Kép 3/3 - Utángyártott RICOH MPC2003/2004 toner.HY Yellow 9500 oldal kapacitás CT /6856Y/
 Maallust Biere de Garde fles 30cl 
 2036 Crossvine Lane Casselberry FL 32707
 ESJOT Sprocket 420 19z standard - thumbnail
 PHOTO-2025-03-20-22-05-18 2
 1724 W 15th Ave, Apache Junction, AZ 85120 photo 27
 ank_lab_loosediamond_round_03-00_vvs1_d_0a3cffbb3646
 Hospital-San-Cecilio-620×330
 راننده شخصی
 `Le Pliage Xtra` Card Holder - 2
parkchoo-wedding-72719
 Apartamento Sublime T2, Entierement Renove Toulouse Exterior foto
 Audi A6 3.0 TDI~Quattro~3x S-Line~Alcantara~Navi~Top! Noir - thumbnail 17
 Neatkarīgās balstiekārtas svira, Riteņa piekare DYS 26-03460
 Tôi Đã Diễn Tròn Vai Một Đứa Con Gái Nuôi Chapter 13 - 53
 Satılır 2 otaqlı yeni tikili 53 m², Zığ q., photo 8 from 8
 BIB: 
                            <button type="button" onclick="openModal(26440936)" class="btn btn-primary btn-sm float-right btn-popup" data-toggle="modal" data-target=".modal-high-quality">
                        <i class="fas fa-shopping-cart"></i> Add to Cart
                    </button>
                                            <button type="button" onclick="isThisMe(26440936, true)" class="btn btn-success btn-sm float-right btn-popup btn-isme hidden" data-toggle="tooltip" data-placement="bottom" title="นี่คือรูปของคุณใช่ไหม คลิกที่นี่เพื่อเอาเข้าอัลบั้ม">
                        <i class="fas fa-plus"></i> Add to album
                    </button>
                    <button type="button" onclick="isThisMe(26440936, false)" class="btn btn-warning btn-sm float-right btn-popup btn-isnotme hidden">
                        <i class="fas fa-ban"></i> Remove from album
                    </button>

◇ ◇ ◇ ◇ ◇

● **GOAL OF THE EXERCISE**: Within the listing above, extract exactly the lines from the line with "2036 Crossvine Lane Casselberry FL 32707" to the line with "btn-primary btn-sm float-right", the two named lines included, and no others.

● **SOLUTION TO THIS PROBLEM**:
 2036 Crossvine Lane Casselberry FL 32707
 ESJOT Sprocket 420 19z standard - thumbnail
 PHOTO-2025-03-20-22-05-18 2
 1724 W 15th Ave, Apache Junction, AZ 85120 photo 27
 ank_lab_loosediamond_round_03-00_vvs1_d_0a3cffbb3646
 Hospital-San-Cecilio-620×330
 راننده شخصی
 `Le Pliage Xtra` Card Holder - 2
parkchoo-wedding-72719
 Apartamento Sublime T2, Entierement Renove Toulouse Exterior foto
 Audi A6 3.0 TDI~Quattro~3x S-Line~Alcantara~Navi~Top! Noir - thumbnail 17
 Neatkarīgās balstiekārtas svira, Riteņa piekare DYS 26-03460
 Tôi Đã Diễn Tròn Vai Một Đứa Con Gái Nuôi Chapter 13 - 53
 Satılır 2 otaqlı yeni tikili 53 m², Zığ q., photo 8 from 8
 BIB: 
                            <button type="button" onclick="openModal(26440936)" class="btn btn-primary btn-sm float-right btn-popup" data-toggle="modal" data-target=".modal-high-quality">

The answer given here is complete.